*Source data*:
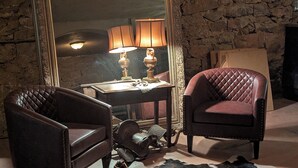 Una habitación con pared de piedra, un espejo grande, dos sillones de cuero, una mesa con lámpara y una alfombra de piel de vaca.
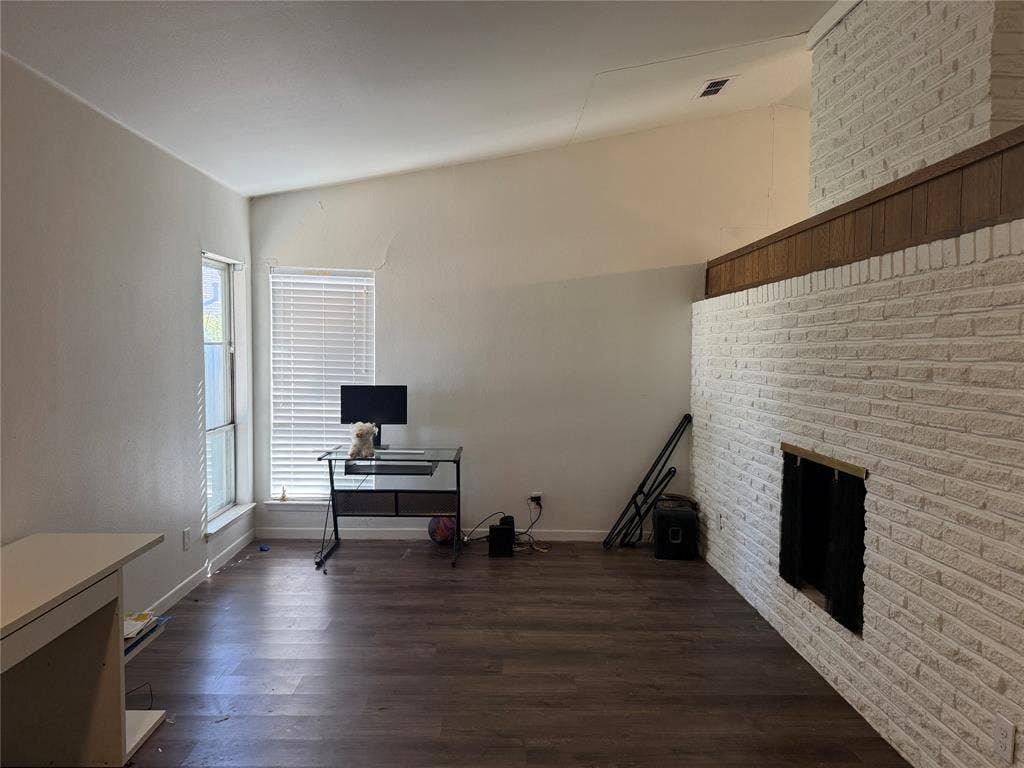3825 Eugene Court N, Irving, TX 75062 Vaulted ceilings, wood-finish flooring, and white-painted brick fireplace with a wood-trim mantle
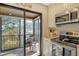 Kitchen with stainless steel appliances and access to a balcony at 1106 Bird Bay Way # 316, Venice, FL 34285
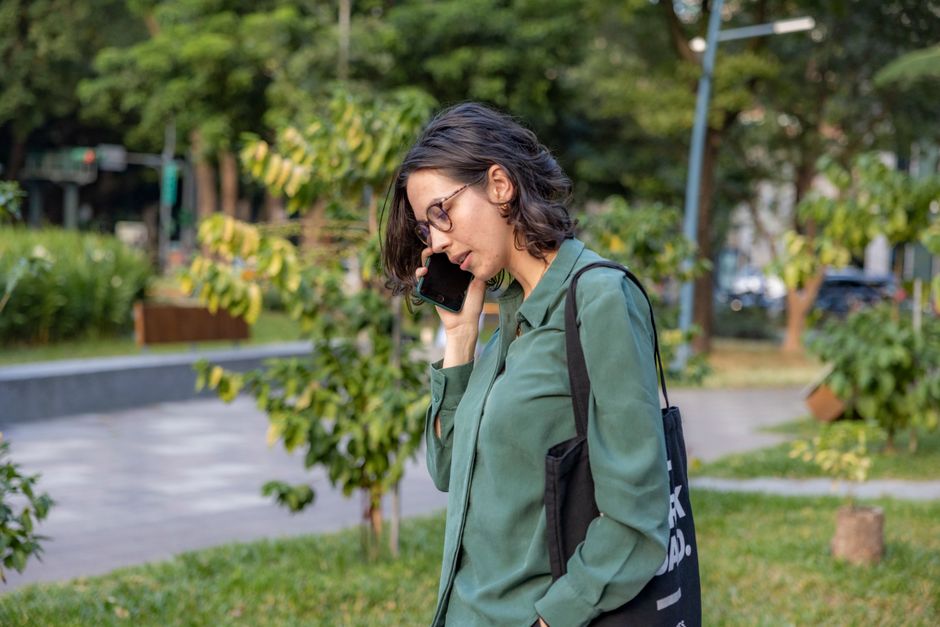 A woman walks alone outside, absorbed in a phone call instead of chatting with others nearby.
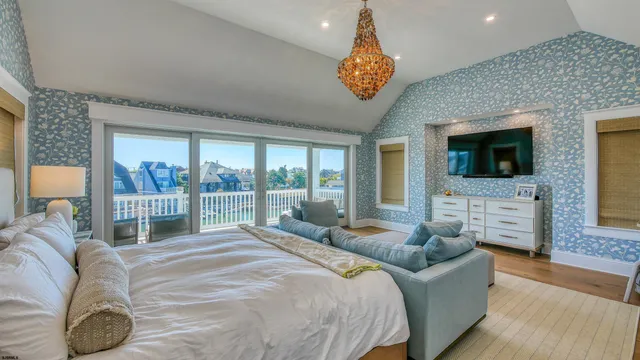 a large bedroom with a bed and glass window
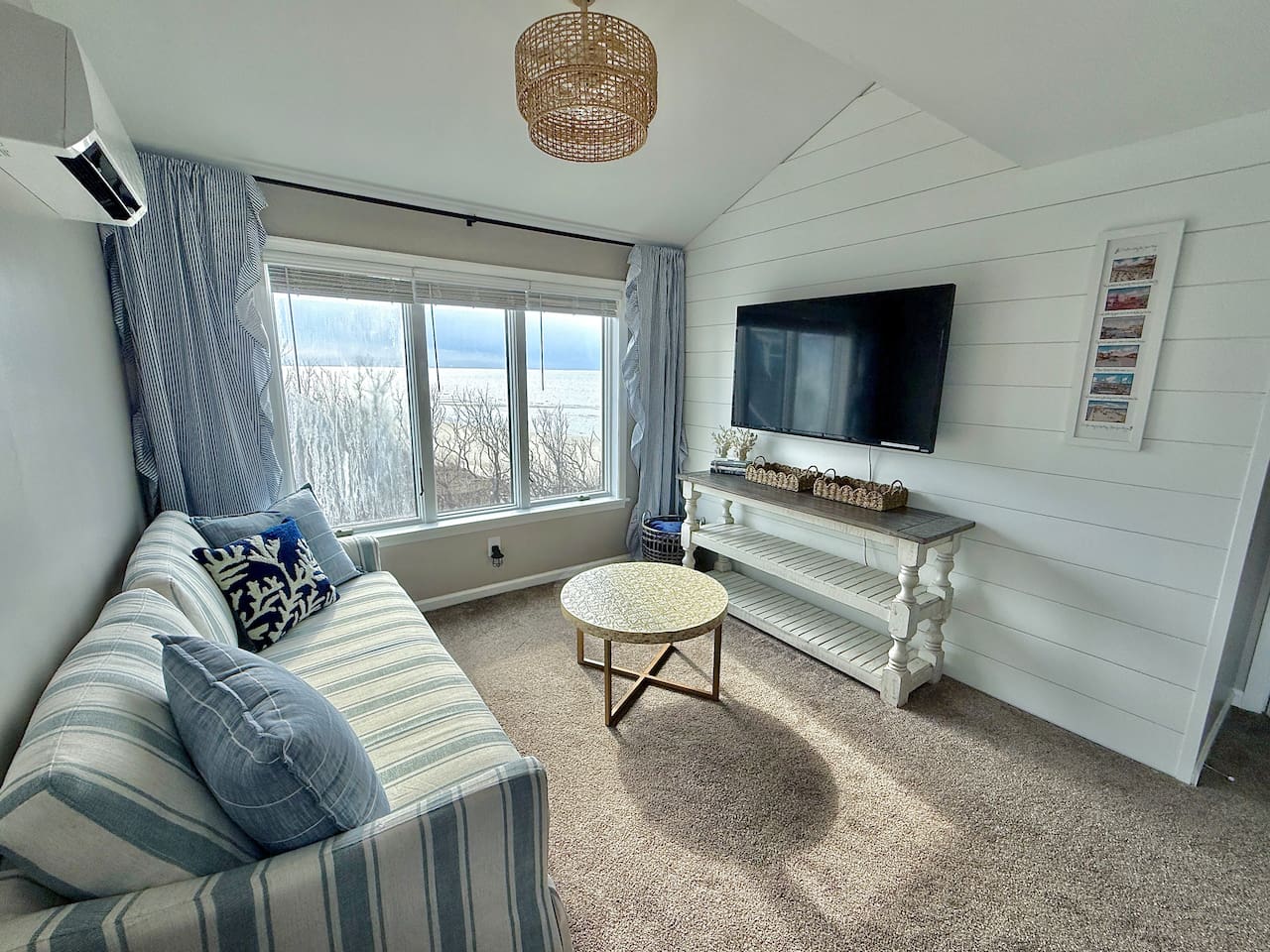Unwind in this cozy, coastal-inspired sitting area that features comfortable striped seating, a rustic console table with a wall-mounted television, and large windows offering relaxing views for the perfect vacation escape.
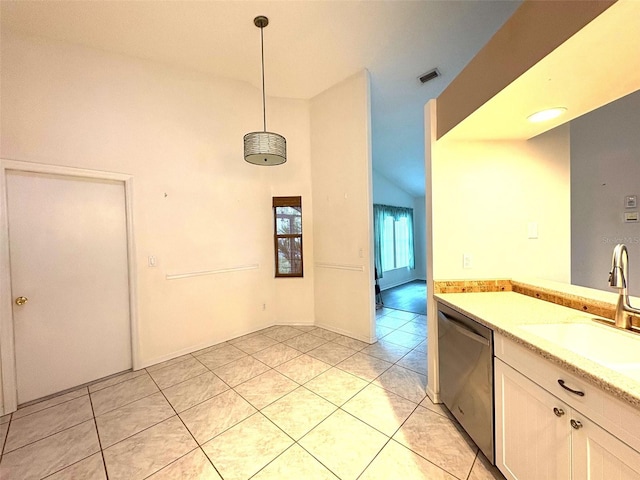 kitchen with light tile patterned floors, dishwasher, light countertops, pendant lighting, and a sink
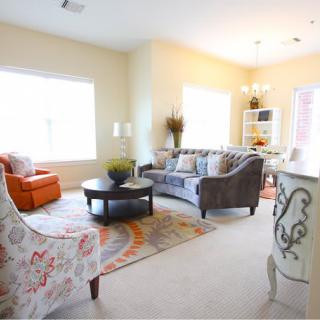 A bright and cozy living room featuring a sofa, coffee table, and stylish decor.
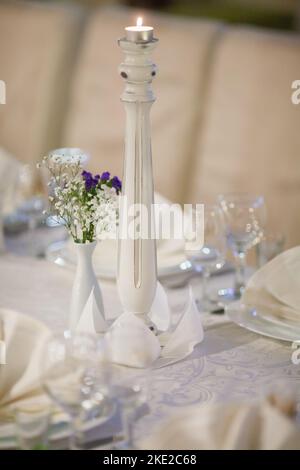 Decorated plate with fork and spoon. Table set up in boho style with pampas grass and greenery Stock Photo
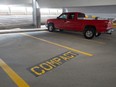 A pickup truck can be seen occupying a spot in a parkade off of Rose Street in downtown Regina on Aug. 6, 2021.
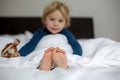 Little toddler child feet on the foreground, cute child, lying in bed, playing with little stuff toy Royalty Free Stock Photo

* * *

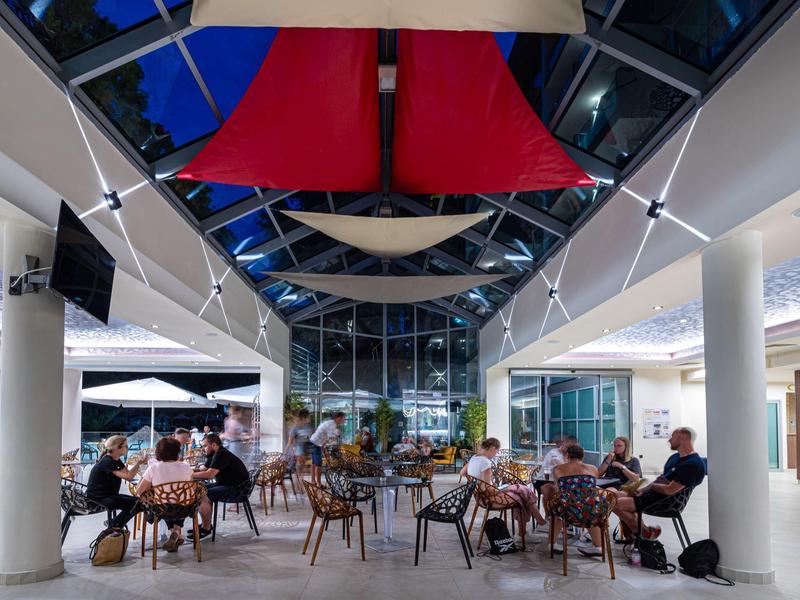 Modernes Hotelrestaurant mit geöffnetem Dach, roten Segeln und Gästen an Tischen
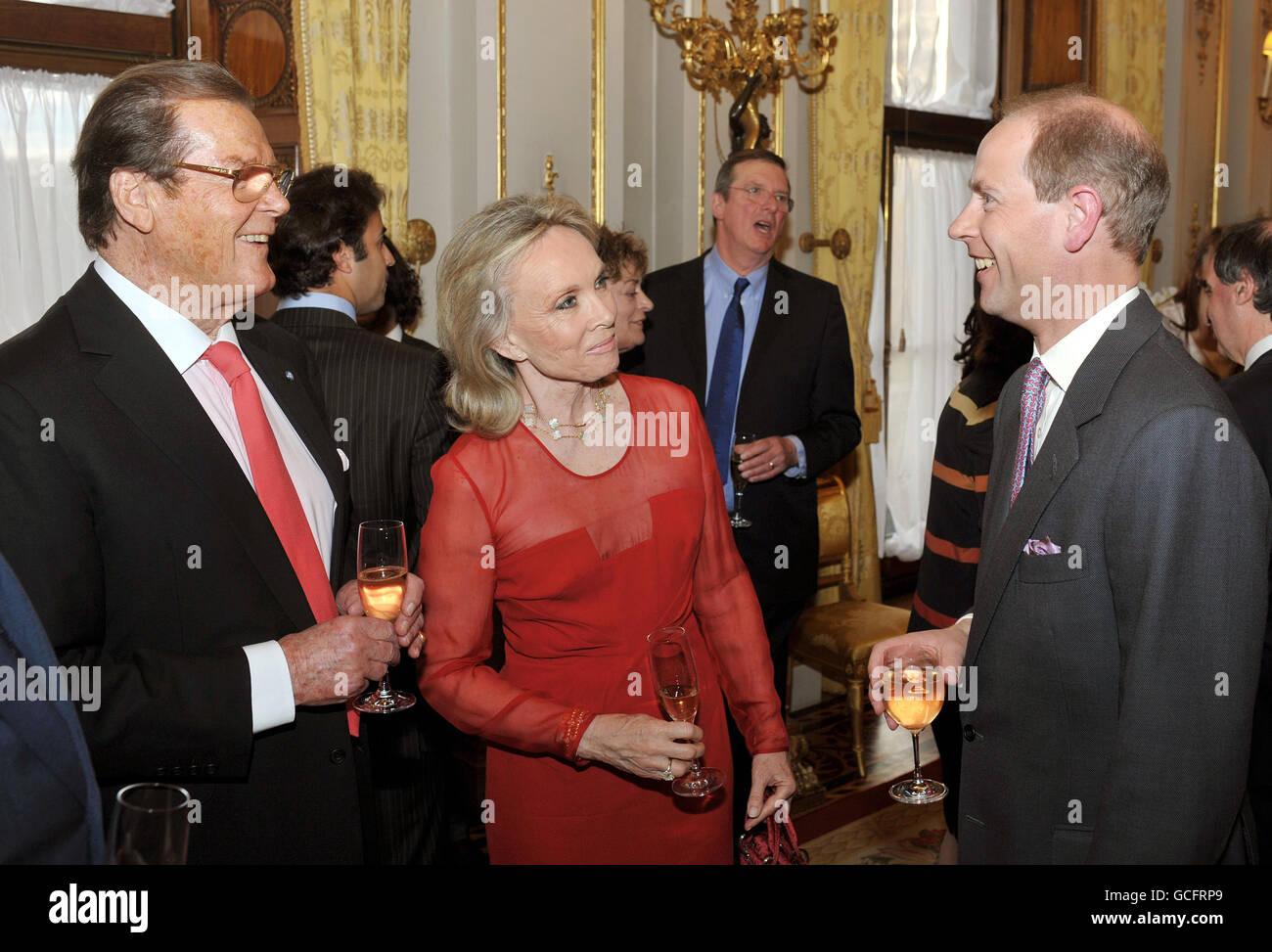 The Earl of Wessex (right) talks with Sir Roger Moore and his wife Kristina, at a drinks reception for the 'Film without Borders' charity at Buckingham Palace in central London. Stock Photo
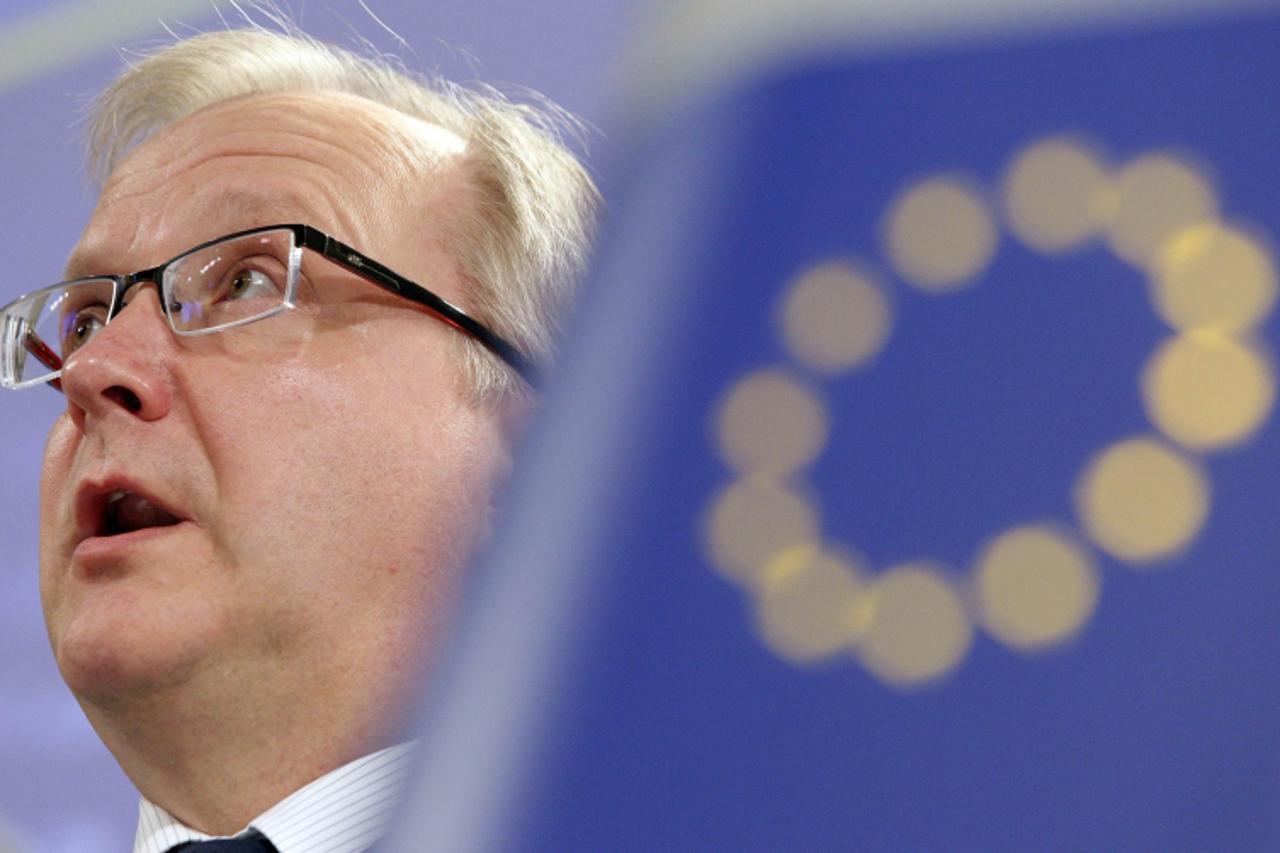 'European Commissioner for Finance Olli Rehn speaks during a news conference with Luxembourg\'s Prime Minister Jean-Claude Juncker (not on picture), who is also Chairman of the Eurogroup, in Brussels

---

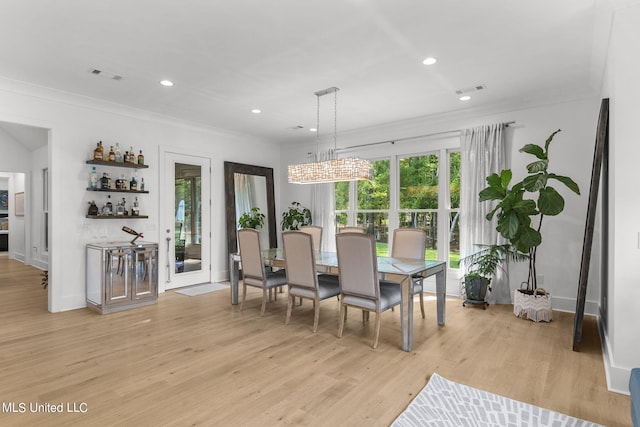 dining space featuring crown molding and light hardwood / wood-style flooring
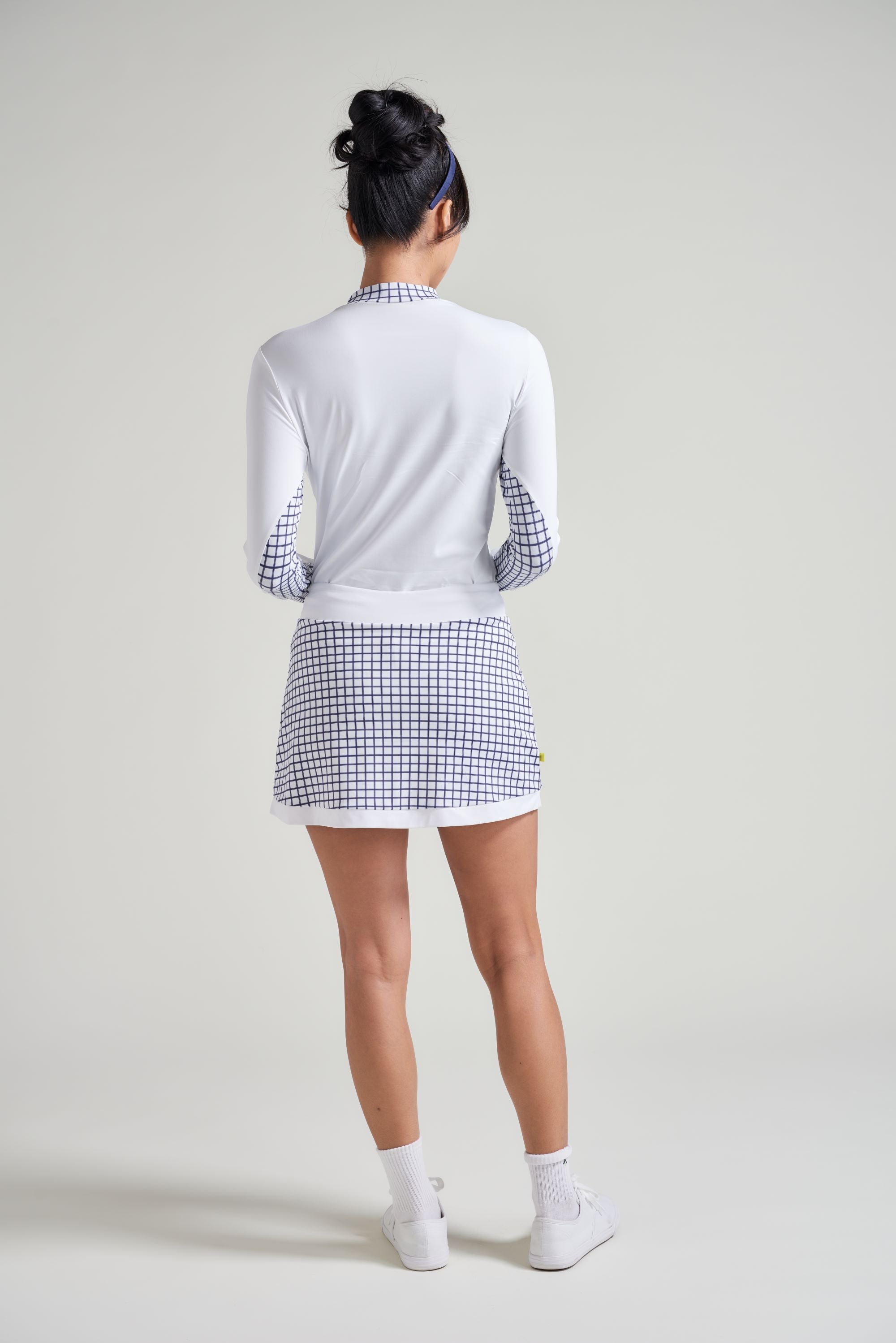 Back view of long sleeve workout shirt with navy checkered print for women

*Instructions to follow*: Beginning with the line holding "Decorated plate with" in the material above, restate word for word each line through the line holding "Little toddler child", and exclude pictures.

*Task answer*:
 Decorated plate with fork and spoon. Table set up in boho style with pampas grass and greenery Stock Photo
 A pickup truck can be seen occupying a spot in a parkade off of Rose Street in downtown Regina on Aug. 6, 2021.
 Little toddler child feet on the foreground, cute child, lying in bed, playing with little stuff toy Royalty Free Stock Photo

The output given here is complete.